How to build a scent for a brand for all senses

November 30, 2021

While most people binge-watched Netflix, Dora Baghriche spent the early part of the pandemic at her home in Paris, blending oils from Moroccan roses with hints of orange and geranium.

As a senior perfumer at Firmenich, the world’s largest privately owned perfume and taste company, Baghriche has developed dozens of fragrances for celebrities and fashion brands across the world. She draws her inspiration from nature, travel and cooking, and often spends a year mixing and testing ingredients to fine-tune a custom fragrance.

Most recently, Baghriche and fellow perfumer Marie Salamagne used their talented noses to create two custom fragrances for Mastercard. Called Priceless Passion and Priceless Optimism, they’re the latest fruit of the company’s multisensory branding strategy, which includes a symbol-only brand mark, a Mastercard melody, two original macaron flavors and Mastercard restaurants. 

“This approach taps into the sentiments unique to the Mastercard brand through multiple doors of perception — the eyes, ears, taste, touch and now smell,” says Raja Rajamannar, Mastercard’s chief marketing and communications officer. ”When consumers receive messages this way, they are moved more deeply and develop a stronger connection with those brands."

The sense of smell is a particularly potent way for companies to make a lasting impression. Studies show that people recall 35% of what they smell versus just 5% of what they see.

“These scents are a way to be distinctive and memorable in a world which is filled with more and more clutter,” says Monica Biagiotti, who oversees consumer marketing and sponsorships for Mastercard. In an increasingly digital world, “it helps us engage emotionally with our consumers.”

Perfumer Dora Baghriche, right, chats with Mastercard's Monica Biagiotti at the launch of Priceless Optimism and Priceless Passion in Milan earlier this month.

Perfumer Dora Baghriche, right, chats with Mastercard's Monica Biagiotti at the launch of Priceless Optimism and Priceless Passion in Milan earlier this month.

Baghriche, who was born in Algiers and grew up around the Mediterranean, surrounded by comforting scents. Both of her grandmothers worked as pastry chefs, and Baghriche remembers smelling almonds and pine nut cream wafting from their kitchens.

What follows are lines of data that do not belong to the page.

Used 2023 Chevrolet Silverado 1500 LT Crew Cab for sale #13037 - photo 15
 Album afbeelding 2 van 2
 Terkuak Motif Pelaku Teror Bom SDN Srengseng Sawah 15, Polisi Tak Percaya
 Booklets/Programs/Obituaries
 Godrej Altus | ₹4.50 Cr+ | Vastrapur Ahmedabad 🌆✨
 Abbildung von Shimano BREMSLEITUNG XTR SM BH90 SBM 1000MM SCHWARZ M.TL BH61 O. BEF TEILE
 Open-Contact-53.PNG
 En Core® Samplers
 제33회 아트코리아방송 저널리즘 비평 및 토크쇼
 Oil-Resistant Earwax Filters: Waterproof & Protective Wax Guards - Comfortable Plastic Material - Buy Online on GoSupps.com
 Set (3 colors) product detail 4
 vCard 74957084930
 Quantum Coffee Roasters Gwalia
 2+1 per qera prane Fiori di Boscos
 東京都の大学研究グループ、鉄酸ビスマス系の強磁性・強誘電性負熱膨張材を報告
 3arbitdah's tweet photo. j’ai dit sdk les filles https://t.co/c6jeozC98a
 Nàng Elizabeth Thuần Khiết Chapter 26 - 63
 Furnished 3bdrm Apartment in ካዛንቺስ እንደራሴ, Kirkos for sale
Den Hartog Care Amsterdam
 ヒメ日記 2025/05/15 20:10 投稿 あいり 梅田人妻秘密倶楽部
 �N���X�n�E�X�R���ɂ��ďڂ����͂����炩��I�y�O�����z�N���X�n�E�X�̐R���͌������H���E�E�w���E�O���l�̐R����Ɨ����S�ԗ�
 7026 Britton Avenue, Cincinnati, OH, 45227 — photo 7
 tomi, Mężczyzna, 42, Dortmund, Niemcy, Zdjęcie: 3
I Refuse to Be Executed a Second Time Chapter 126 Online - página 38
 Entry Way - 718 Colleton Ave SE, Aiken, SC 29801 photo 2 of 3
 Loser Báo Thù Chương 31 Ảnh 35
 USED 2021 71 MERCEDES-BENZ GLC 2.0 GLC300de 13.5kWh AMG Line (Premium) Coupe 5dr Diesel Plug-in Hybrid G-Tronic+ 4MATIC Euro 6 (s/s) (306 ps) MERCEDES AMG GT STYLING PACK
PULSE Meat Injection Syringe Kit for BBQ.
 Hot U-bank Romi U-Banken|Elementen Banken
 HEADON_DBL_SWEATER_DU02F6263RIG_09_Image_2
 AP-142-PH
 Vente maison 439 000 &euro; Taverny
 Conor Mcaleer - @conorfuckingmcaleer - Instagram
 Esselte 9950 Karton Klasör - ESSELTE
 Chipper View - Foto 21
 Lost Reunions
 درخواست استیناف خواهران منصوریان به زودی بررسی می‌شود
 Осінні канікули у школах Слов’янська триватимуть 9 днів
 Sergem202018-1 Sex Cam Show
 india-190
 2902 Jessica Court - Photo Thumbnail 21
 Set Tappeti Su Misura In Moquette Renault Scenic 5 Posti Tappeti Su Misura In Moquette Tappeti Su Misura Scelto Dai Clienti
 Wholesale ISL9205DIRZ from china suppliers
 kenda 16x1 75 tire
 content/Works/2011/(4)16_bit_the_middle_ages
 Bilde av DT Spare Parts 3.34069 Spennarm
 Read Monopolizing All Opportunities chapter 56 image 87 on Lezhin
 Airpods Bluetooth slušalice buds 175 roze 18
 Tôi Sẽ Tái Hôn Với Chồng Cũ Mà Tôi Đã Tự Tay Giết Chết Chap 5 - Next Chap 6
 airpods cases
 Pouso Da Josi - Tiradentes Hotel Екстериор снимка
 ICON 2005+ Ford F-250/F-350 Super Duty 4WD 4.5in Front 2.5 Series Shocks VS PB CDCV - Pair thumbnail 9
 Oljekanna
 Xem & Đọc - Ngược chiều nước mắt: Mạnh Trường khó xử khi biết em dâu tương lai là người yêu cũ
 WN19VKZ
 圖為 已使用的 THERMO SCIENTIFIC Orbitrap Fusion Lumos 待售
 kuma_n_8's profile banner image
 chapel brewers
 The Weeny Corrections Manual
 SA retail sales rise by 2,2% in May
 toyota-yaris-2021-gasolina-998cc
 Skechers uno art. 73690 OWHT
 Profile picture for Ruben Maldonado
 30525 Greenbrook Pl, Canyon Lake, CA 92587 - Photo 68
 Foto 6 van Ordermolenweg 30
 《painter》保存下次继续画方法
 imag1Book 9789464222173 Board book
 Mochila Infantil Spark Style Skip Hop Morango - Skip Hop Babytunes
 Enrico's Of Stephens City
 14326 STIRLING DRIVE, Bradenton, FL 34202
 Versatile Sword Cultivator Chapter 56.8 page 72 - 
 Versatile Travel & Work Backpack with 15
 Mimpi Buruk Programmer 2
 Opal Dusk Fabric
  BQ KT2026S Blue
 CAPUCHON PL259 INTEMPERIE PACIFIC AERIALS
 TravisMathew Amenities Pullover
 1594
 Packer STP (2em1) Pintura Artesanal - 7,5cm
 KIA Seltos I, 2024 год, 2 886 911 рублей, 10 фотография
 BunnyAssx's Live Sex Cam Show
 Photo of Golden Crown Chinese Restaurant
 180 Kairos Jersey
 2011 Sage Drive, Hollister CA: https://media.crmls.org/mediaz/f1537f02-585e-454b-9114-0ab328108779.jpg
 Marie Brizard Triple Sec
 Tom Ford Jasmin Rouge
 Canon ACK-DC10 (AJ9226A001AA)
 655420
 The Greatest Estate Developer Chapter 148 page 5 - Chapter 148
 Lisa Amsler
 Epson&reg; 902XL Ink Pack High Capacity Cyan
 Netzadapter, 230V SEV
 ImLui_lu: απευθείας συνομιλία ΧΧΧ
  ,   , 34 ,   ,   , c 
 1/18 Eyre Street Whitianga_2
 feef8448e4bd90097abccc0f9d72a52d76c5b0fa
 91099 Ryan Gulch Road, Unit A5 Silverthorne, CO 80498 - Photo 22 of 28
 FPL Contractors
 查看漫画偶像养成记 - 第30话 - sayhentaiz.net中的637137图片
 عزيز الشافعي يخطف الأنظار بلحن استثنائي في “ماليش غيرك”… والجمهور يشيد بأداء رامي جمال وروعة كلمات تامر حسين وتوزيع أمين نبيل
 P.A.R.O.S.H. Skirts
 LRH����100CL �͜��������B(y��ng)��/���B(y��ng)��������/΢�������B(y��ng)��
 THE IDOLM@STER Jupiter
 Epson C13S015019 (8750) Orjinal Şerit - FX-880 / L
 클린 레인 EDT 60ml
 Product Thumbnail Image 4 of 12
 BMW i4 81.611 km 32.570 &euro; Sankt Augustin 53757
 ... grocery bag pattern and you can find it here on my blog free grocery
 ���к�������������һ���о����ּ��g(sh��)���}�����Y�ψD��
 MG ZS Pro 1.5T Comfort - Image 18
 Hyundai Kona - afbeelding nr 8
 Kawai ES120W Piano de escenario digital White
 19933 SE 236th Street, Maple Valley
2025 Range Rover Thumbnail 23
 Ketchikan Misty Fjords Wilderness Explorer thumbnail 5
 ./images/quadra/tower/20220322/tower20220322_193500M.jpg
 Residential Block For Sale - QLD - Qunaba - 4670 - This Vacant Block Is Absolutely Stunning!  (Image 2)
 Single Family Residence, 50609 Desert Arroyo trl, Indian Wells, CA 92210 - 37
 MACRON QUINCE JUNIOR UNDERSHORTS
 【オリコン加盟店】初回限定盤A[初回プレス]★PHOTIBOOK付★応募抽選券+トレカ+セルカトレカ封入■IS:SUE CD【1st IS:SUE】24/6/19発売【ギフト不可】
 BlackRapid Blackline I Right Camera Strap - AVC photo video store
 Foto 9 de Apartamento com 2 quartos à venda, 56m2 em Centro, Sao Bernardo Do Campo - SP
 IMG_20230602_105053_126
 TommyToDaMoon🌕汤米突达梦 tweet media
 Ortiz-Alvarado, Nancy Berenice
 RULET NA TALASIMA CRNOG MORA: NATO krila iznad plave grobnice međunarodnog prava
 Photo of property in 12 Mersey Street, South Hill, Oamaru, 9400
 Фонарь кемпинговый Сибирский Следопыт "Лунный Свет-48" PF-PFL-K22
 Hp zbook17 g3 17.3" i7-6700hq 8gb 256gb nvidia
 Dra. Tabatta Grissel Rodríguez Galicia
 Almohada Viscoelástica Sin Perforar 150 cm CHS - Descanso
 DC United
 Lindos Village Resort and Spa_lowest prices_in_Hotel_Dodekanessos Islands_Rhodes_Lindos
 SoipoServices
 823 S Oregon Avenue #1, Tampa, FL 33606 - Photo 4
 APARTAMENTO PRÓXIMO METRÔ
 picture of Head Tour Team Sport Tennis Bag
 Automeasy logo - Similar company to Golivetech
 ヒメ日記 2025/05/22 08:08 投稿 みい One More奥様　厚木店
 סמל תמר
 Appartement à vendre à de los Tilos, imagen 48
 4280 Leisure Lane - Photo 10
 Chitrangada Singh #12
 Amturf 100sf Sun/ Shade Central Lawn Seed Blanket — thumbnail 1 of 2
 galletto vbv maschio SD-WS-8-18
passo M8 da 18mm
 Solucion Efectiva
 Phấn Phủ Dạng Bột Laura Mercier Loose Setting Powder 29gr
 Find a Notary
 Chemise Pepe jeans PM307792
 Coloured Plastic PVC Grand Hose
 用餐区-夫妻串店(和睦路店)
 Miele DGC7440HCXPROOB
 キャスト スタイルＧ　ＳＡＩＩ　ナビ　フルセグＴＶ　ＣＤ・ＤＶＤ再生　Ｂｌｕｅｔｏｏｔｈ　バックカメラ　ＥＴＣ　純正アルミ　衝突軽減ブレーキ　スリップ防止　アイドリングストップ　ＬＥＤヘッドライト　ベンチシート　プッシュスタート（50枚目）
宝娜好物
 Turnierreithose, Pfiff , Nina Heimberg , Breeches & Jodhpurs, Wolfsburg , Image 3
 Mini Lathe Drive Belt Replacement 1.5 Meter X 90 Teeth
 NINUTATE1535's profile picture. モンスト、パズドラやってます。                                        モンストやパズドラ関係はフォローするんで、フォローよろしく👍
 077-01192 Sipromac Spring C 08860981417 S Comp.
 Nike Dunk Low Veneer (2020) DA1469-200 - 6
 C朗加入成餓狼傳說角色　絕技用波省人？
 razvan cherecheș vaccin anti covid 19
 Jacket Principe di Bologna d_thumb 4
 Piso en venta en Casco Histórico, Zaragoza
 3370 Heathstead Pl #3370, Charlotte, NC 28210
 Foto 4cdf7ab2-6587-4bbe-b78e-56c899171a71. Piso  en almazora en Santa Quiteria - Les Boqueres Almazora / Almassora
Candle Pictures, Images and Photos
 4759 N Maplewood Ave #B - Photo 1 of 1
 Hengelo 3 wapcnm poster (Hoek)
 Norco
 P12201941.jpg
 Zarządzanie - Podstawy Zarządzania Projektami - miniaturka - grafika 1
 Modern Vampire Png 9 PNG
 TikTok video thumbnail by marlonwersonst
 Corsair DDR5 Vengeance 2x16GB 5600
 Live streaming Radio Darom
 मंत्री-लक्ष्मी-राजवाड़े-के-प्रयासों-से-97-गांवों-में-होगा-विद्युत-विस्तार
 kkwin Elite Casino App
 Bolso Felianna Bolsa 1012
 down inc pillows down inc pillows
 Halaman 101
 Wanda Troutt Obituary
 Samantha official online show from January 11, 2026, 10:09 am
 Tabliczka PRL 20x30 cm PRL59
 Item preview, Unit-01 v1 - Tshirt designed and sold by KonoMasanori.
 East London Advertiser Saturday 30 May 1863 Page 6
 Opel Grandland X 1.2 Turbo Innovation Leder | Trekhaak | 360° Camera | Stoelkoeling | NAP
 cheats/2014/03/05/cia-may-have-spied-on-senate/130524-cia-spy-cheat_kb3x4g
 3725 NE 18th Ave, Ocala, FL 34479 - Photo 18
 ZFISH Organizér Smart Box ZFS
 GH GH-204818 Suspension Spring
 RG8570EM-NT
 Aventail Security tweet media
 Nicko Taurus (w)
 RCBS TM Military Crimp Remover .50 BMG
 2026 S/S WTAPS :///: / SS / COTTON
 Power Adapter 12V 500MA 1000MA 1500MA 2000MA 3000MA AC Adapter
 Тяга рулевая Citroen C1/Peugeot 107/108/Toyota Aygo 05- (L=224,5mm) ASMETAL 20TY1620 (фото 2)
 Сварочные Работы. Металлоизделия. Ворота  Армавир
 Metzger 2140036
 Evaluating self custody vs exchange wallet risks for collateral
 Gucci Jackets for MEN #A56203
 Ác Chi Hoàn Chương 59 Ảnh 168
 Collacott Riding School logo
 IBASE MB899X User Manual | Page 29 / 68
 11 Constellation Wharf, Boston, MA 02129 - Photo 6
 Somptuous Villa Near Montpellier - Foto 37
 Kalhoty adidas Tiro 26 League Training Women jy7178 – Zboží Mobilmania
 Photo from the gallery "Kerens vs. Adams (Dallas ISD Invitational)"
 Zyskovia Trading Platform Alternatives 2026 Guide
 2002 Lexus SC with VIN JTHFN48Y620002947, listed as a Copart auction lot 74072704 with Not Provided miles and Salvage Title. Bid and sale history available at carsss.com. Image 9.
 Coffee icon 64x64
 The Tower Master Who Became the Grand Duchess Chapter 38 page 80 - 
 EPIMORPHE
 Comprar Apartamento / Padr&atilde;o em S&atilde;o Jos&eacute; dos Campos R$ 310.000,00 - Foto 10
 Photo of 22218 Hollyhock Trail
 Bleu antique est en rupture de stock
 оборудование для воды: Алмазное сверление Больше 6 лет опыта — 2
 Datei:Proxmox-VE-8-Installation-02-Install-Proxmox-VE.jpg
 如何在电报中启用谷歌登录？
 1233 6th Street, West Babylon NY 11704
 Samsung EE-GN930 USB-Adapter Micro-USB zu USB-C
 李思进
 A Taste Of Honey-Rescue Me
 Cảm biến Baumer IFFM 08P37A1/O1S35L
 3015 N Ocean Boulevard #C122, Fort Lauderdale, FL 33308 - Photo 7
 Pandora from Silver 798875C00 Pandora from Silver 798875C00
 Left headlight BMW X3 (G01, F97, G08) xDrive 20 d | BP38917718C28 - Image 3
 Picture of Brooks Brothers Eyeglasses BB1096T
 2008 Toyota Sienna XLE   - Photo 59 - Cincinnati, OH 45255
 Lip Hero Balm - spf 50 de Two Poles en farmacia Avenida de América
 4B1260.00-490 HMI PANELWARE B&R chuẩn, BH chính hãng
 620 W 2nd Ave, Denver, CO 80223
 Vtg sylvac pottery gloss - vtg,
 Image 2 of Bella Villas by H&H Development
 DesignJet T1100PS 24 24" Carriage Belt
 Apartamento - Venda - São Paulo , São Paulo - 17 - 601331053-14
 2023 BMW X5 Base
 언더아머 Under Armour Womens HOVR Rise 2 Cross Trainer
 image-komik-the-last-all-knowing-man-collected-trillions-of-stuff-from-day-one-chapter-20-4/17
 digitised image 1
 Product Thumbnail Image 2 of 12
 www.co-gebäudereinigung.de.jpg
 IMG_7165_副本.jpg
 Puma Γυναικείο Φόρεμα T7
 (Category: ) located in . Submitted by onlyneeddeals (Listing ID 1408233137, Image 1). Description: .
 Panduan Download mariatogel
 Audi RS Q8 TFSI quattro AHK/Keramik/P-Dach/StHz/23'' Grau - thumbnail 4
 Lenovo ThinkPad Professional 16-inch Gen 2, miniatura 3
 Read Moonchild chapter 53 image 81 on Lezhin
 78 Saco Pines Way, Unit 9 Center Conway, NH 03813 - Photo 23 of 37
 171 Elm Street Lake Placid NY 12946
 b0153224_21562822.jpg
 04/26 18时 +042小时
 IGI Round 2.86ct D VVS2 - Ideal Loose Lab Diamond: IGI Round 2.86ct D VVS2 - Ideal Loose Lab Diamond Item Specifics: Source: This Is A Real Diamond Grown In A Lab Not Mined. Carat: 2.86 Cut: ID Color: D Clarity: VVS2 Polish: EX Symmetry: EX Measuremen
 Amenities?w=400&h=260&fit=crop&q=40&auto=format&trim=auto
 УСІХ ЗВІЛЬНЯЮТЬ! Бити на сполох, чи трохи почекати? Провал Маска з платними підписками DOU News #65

Intrigued by the challenge of representing a brand through scent, she began by sitting with the emotions and adjectives Mastercard wanted to convey — passion, optimism, universal, inclusive, genderless and sustainable. As the world slowly emerges from the challenging years of COVID-19, she settled on passion and optimism as the most appropriate themes.

Baghriche knew roses were essential to both fragrances. The rose is a symbol of passion, she says, and people gravitate to the flower when they feel a strong emotion like love or loss.

As she created Priceless Passion at home and in her lab, she pictured the small sustainable family rose farm in Morocco that grows the flowers she uses. “I travel in my head when I create,” Baghriche says.

She then took an imaginary trip to Italy to incorporate Sicilian oranges — which for her embody “the sun and the light”— into both perfumes. The scent also takes her back to her grandmothers, who used orange blossoms in their decadent desserts.

For Priceless Optimism, Baghriche chose the earthy root vetiver, sourced from Haiti, which smells like fresh-cut grass. She combined that with Sicilian orange, grapefruit, mandarin and rhubarb to create an uplifting, invigorating scent for the yellow fragrance.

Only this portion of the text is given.